| Source information |
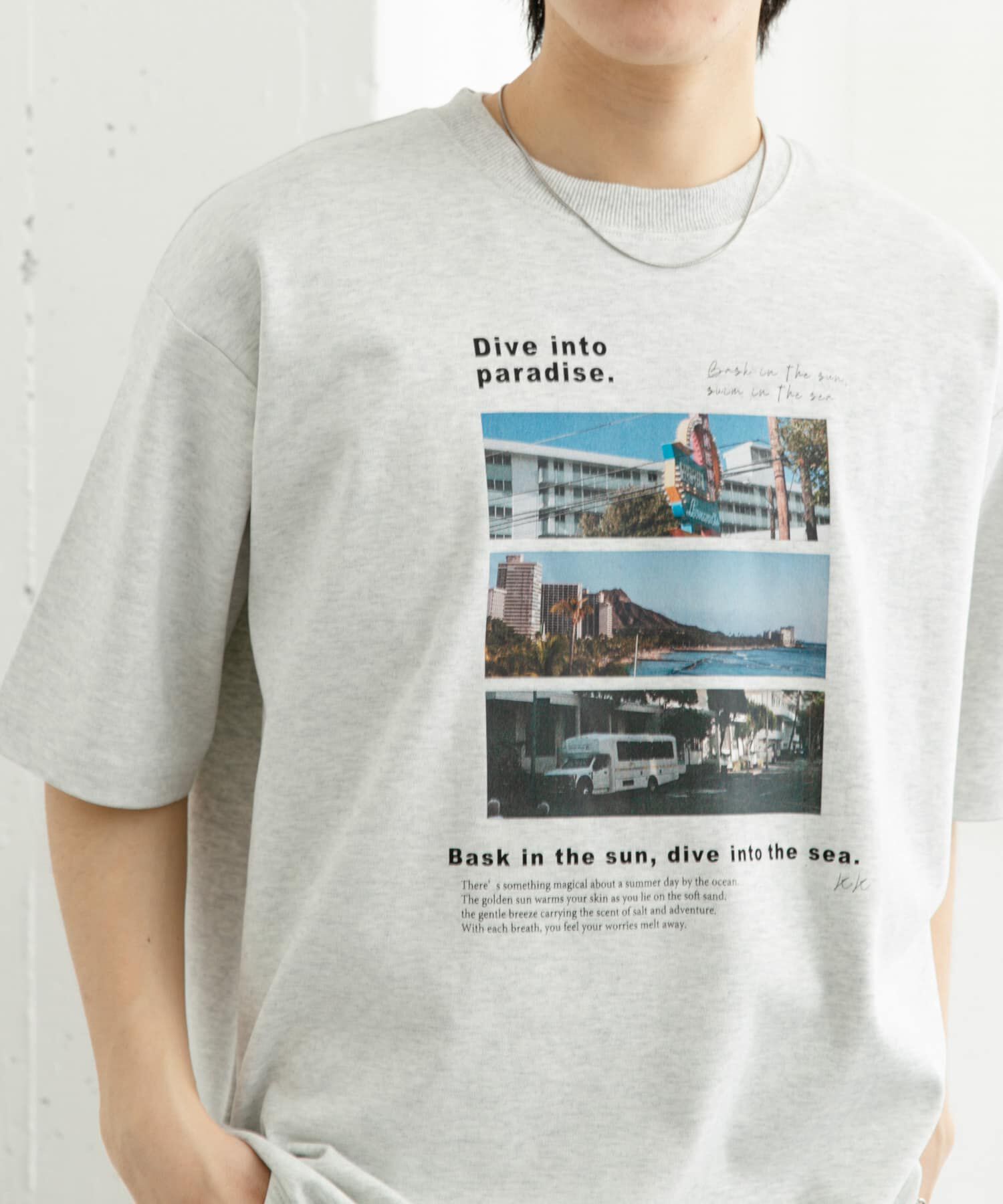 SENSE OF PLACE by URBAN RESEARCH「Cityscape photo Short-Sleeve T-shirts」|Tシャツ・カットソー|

==

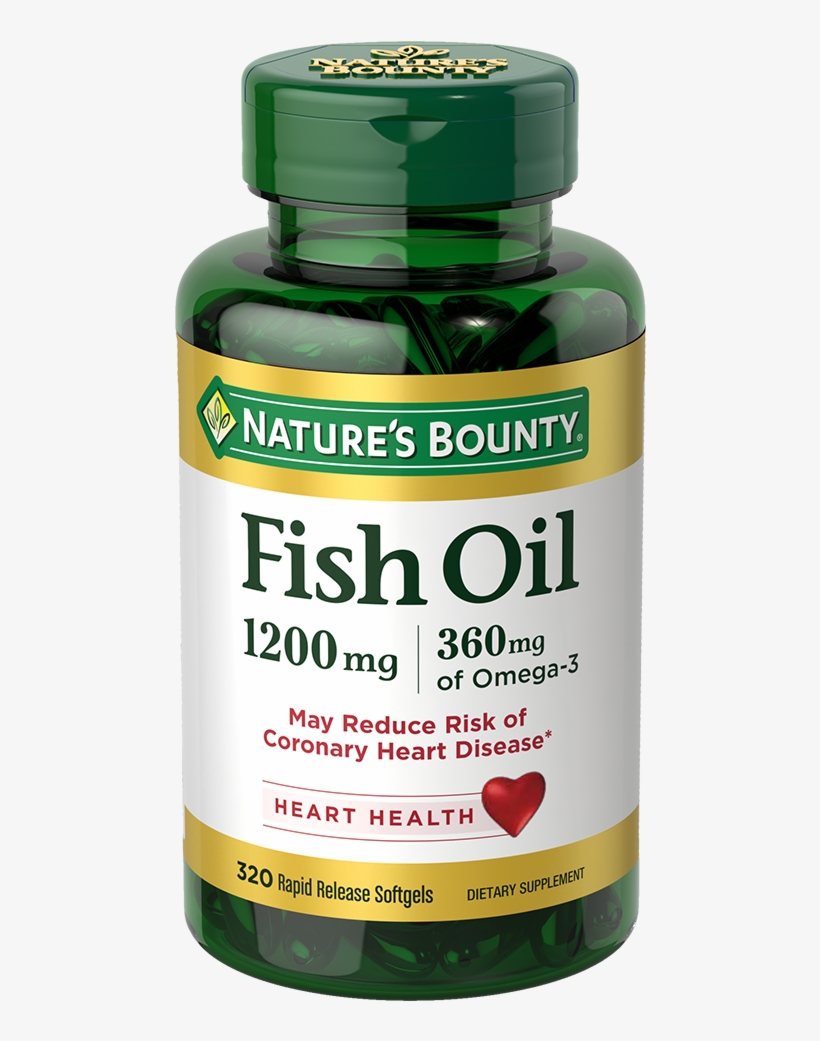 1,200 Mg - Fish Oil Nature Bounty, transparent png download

* * *

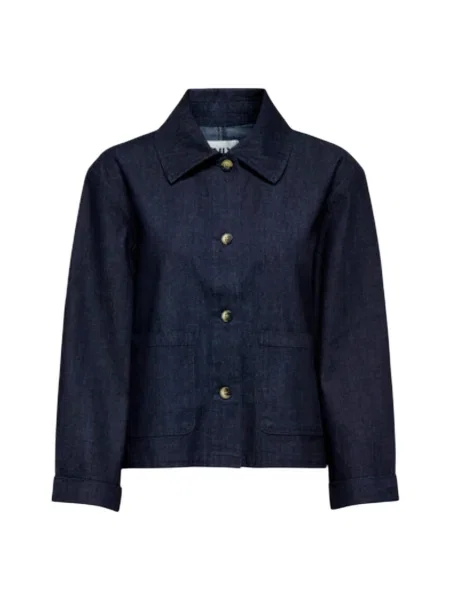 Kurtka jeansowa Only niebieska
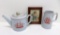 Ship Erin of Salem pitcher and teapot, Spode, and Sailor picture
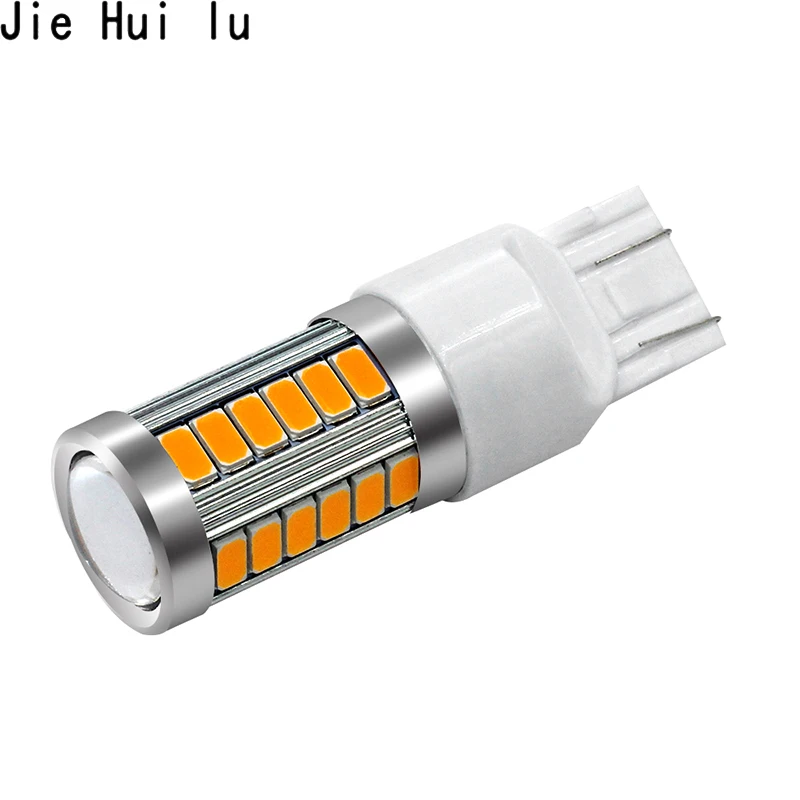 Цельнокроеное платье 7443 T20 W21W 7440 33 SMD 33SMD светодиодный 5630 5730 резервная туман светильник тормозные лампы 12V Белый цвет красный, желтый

| About this exercise |
With pictures omitted, repeat the entries above word for word from the line holding "Ship Erin of" down to the line holding "Цельнокроеное платье 7443", keeping both of those lines.

| Response to this task |
 Ship Erin of Salem pitcher and teapot, Spode, and Sailor picture
 Цельнокроеное платье 7443 T20 W21W 7440 33 SMD 33SMD светодиодный 5630 5730 резервная туман светильник тормозные лампы 12V Белый цвет красный, желтый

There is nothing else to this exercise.